Jo attacks Amy over the burnt manuscript and we see Meg and Marmee hear the commotion downstairs. I have a fondness for scenes of people overhearing tumult in another part of the house and reacting/running to aid. I rewatched Gosford Park recently (another movie I could deep dive), and when the murder victim is discovered, the screams interrupt the music and cards in the other rooms to satisfactory effect.

We always laughed at Amy wildly screaming and flailing as Marmee and Meg enter the room. It’s a nice bit of physical humor there.


This part of the movie rather settled into my mind that if you were to divide the sisters into pairs, it would be Meg/Amy and Jo/Beth. There were earlier hints to support this, with Meg giving Amy her rag money, etc. But when ManuscriptGate happens, Meg’s comforting of Amy seems instinctual and not just because she was in the room. Considering that Jo seems to spar most often with Meg and Amy, it makes sense that Beth would be Jo’s main confidant, because Beth can’t be jabbed at. My younger sister is a little like Beth in that way. My older sister and I would get on each other’s nerves, but my younger sister seemed impervious to that kind of thing.

Skating scene: this is probably the most action-scene that Little Women gets, when Amy falls through the ice. I didn’t really ice skate growing up, even though I was a Mainer. But we would snowmobile with my cousins, and sometimes we would go across frozen lakes in the snowmobiles and don’t think it didn’t cross my mind about breaking through the ice like Amy.
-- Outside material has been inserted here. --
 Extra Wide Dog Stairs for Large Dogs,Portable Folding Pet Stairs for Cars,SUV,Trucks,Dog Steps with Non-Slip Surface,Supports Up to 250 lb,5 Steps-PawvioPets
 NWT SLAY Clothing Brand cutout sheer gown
I like how Jo and Laurie hear the breaking ice and the scream but when they look at the other end of the pond, they at first – ominously – see nothing, before Amy resurfaces. It just gets across how Jo’s heart must have stopped in that moment.
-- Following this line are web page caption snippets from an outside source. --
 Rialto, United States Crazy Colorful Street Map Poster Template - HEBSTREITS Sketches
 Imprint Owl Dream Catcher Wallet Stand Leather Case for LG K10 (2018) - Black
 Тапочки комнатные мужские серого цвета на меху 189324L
Just as with Meg’s sprained ankle, Laurie is quick-thinking during the rescue, directing Jo to grab a rail. There is steam coming up from the water around Amy, so at least they weren’t freezing Kirsten Dunst.

“Josephine March, you walked all the way from Walden Pond in only these bloomers?” I wanted to joke that they said hi to Thoreau on the way, but he published Walden in the 1850s and he died in 1862, so they could not have. The fictional March family certainly would have known him when he was alive though, as Jo explains in a later scene that her family is part of the transcendental movement in Concord.

“I could never love anyone as I love my sisters.” Winona Ryder’s line reading here reminds me so much of a certain tone my family gets when we’re getting a little soppy to each other. I assume other families get the same way. Also, I told you the kittens would be back, and they serve here to gently close out this scene of sisterly reconciliation.


And this is a good stopping point, and I’ll pick back up again soon with a Part Two.